トランプ大統領はまた、「中国からの輸入品に追加で10%の関税を4日から課す」との大統領令にも署名しました。豪州やNZは中国を最大の輸出先とすることもあり、豪ドルやNZドルは上値が重い展開になるかもしれません。
トランプ大統領は2日(日本時間3日)、SNSに「南アフリカへの資金援助を全て停止する」と投稿しました。この投稿が市場で意識されれば、南アフリカランドは軟調に推移しそうです。
SNSへの投稿を含めてトランプ大統領の言動には引き続き要注意です。関税などの対象に新たになった国の通貨には下落圧力が加わると考えられます。
主要国の株価動向にも目を向ける必要がありそうです。株価が下落を続けるなどしてリスクオフ(リスク回避)の動きが強まる場合、豪ドル/円やNZドル/円などのクロス円が下押しする可能性があります。
BOM(メキシコ中銀)は6日に政策会合を開きます。市場では0.50%の利下げが行われるとの見方が優勢です。BOMの声明で、米国による対メキシコ関税がメキシコの景気やインフレに与える影響についてどのような見解が示されるのかにも注目です。
今週の注目通貨ペア(1):<豪ドル/NZドル 予想レンジ:1.09500NZドル~1.11000NZドル>
1月29日に発表された豪州の24年10-12月期CPI(消費者物価指数)は総合が前年比2.4%、トリム平均値が同3.2%と、いずれも市場予想(2.5%と3.3%)を下回りました。この結果を受けて、市場ではRBA(豪中銀)は次回2月17-18日の政策会合で利下げを行うとの観測が市場で強まりました。RBAの利下げ観測は豪ドルにとってマイナスです。

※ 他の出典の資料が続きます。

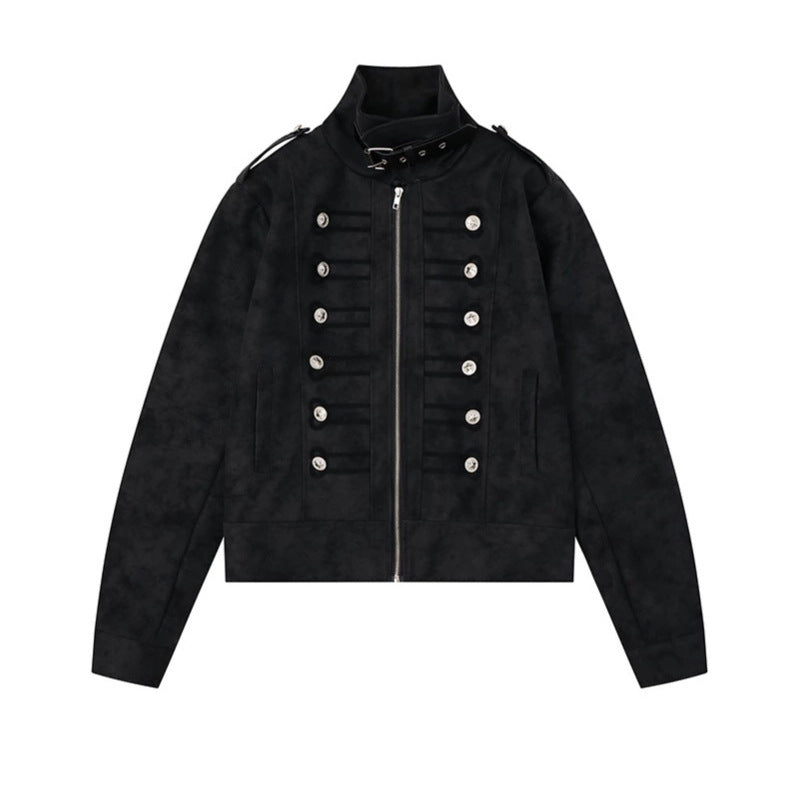 Damen Militärisch inspirierte kurze Jacke mit Reißverschluss, dekorativen Knopfleisten und Schulterklappen Shop Nory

今週はNZの24年10-12月期雇用統計が5日に発表されます。雇用統計が市場予想と比べて強い結果になれば、NZドルが堅調に推移して、豪ドル/NZドルは下値を試す展開になりそうです。
今週の注目通貨ペア(2):<米ドル/カナダドル 予想レンジ:1.43000カナダドル~1.50000カナダドル>
トランプ大統領がカナダに対して25%の関税を課す大統領令に署名したことで、3日午前(日本時間)にカナダドルが急落。米ドル/カナダドルは03年4月以来およそ22年ぶりの高値をつけました。
米国が高率の関税を課すことにより、カナダ経済は大きな打撃を受ける可能性があります。カナダ経済をめぐる懸念が市場で一段と強まる場合、米ドル/カナダドルは引き続き堅調に推移しそうです。
7日発表の米国とカナダの1月雇用統計も材料になる可能性があります。雇用統計でFRB(米連邦準備制度理事会)の利下げ観測が後退する一方で、BOC(カナダ中銀)の利下げ観測が強まる場合、FRBとBOCの金融政策面から米ドル/カナダドルに上昇圧力が加わるかもしれません。